Après avoir laissé Logan, Yvon et Curdin à l’hôtel, nous avons fait un tour dans le très joli marché et avons bavé un peu devant tous les stands d’alimentation. Des charcuteries alléchantes, des fromages par centaines, des fruits plus colorés les uns que les autres, des légumes énormes et brillants. Et nous pauvres petits pèlerins qui ne pouvions rien acheter car nous n’avons pas de cuisine… Nous nous sommes contentés d’une pêche et sommes repassés à l’hôtel un petit moment.

En marche !

Nous avons décidé de tout de même parcourir le tronçon de huit kilomètres entre Nicorvo et Mortara tout en sachant qu’il ne serait absolument pas intéressant et que nous avions déjà sans doute marché autant. Cela nous embêtait malgré tout d’avoir un nouveau trou de quelques kilomètres dans notre voyage, aussi sommes-nous retournés à la gare pour prendre le train de 34 vers Nicorvo. Et bien le train de 34 ne passe en fait pas toutes les heures et il n’y en avait pas à 12h34… Comme nous ne voulions pas attendre là une heure, nous avons décidé de faire l’étape en sens inverse. La seule crainte que nous avions concernait le balisage, car il est déjà mauvais quand on va vers Rome… Par chance, il n’y avait pas beaucoup de croisements et notre petit guide était suffisamment précis pour que nous sachions où aller.

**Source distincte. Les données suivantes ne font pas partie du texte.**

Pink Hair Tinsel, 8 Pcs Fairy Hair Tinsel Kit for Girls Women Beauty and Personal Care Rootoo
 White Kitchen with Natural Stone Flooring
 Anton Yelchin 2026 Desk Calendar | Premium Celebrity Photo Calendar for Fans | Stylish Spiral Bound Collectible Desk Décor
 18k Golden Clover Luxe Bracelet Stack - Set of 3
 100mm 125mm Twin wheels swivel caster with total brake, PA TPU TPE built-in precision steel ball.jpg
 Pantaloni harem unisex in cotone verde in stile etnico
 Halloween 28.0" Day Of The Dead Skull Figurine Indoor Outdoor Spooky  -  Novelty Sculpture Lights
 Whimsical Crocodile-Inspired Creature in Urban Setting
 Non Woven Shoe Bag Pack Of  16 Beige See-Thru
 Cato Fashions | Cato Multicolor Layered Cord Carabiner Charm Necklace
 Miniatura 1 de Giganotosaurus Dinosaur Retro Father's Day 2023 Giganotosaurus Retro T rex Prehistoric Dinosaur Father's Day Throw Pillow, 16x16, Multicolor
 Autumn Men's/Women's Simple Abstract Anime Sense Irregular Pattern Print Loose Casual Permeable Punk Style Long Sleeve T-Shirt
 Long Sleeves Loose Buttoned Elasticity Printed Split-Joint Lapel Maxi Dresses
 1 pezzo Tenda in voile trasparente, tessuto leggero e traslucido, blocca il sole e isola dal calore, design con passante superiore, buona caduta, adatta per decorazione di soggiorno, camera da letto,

L’étape s’est effectivement révélée des plus inintéressantes. Nous avons d’abord marché dans des champs de maïs, puis de riz. Le ciel était chargé de nuages, la lumière n’était pas bonne, l’air était lourd et humide. Mais bon, en moins de deux heures nous étions arrivés et cela nous a fait du bien de faire une si petite étape en sandales et sans les sacs. Nous avons même fait la connaissance de Harry, un Américain d’à peu près notre âge qui est parti de Villeneuve. Nous devrions le revoir demain entre Mortara et Tromello.

A Nicorvo, nous avons réalisé que le train allait comme ce matin nous passer juste sous le nez. Pascal préférait ralentir pour avoir moins à attendre tandis que je souhaitais accélérer et miser sur un retard. Nous avons choisi mon option et avons pressé le pas. A 14h20, nous étions encore très loin de la gare et nous n’aurions pas eu le temps de sprinter en voyant arriver le train. Après plusieurs minutes, aucun train ne passait et nous sommes arrivés à la conclusion qu’il n’y avait sûrement pas de correspondance à cette heure. Et puis, quand nous étions presque arrivés, nous avons vu les barrières se baisser pour stopper les voitures et nous avons trottiné un peu. Le train entrait en gare, Pascal a vite eu le temps de vérifier sur les horaires qu’il allait à Mortara et nous sommes montés. Il avait huit minutes de retard. Vive l’Italie !

Nous avons fait quelques courses l’après-midi, avons mangé une glace puis nous sommes reposés à l’hôtel. Logan semble aller déjà mieux et nous espérons qu’elle sera complètement retapée d’ici à lundi.